__Problem statement__. Among the entries, how many lines hold the word "фото"? Respond with that number only.

__Supplied data__.
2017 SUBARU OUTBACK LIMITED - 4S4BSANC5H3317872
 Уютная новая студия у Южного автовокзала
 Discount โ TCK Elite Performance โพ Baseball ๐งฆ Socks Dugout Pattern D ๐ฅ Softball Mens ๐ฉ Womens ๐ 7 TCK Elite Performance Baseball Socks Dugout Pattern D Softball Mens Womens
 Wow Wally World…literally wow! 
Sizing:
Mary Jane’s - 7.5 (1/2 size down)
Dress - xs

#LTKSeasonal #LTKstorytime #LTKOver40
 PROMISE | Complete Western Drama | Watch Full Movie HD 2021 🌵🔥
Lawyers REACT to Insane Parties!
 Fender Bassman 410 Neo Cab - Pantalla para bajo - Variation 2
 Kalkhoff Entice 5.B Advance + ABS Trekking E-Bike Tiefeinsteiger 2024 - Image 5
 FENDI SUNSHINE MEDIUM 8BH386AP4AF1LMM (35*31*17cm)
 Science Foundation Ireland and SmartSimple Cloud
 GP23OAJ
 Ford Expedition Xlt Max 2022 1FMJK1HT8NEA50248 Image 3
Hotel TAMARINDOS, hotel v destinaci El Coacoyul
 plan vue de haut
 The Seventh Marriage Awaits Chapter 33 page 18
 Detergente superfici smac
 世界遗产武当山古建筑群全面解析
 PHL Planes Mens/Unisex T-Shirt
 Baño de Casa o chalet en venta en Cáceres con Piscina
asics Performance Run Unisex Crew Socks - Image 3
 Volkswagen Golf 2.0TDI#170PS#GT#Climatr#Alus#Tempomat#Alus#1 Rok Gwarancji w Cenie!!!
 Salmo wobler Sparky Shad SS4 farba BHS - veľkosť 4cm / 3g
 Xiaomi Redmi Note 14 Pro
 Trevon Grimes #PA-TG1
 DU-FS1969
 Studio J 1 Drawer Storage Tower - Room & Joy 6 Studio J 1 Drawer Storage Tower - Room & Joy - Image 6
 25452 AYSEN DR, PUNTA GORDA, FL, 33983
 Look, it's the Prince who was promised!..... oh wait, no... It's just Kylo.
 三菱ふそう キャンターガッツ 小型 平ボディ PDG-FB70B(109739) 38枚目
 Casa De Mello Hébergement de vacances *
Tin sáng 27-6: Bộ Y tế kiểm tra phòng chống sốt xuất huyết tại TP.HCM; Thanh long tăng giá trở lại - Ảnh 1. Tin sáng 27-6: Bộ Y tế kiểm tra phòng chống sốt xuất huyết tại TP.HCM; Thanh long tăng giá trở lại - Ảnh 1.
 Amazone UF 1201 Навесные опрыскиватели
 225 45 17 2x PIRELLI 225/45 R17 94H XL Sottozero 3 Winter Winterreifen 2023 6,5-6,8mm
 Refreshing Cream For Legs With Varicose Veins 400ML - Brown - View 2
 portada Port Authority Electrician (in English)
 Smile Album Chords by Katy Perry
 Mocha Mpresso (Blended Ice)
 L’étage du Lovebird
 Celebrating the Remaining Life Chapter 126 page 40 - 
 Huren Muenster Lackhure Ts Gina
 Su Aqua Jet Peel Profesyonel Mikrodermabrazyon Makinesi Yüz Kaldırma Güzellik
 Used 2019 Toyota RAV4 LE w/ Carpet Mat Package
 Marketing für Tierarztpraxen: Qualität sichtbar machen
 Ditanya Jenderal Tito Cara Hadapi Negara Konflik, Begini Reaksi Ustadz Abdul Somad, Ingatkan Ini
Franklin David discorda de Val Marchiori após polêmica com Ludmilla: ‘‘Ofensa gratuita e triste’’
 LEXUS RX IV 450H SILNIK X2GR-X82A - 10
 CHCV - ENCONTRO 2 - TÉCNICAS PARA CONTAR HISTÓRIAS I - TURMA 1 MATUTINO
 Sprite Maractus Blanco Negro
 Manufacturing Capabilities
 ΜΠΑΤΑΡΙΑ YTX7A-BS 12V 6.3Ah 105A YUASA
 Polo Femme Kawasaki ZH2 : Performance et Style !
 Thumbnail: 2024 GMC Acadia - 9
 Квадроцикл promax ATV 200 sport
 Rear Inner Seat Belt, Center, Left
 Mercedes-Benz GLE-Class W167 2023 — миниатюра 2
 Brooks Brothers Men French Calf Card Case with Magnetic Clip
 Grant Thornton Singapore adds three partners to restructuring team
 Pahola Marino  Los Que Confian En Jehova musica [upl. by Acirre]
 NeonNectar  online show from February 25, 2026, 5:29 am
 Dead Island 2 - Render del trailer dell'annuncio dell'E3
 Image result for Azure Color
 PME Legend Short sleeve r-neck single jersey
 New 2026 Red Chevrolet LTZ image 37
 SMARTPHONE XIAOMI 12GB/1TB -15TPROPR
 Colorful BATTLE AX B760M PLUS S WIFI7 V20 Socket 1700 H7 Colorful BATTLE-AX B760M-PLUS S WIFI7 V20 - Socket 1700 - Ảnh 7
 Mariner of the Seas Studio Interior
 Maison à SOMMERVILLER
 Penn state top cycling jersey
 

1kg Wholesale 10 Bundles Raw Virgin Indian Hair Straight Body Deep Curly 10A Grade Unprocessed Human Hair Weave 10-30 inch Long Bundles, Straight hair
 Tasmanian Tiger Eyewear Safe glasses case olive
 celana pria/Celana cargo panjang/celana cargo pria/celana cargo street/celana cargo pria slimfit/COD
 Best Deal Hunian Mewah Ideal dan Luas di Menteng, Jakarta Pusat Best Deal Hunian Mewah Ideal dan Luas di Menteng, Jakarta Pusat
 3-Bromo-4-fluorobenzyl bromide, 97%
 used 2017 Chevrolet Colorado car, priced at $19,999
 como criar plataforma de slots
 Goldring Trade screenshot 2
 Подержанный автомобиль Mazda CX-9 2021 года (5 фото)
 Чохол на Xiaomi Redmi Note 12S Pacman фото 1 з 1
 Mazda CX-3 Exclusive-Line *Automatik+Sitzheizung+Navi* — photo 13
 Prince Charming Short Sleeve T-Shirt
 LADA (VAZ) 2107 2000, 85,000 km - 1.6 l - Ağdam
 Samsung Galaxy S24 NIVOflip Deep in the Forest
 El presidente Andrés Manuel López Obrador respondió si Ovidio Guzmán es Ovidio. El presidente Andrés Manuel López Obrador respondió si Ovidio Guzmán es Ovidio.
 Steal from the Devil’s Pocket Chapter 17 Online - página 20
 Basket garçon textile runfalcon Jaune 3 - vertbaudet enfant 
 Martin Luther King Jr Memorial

__Final answer__. 2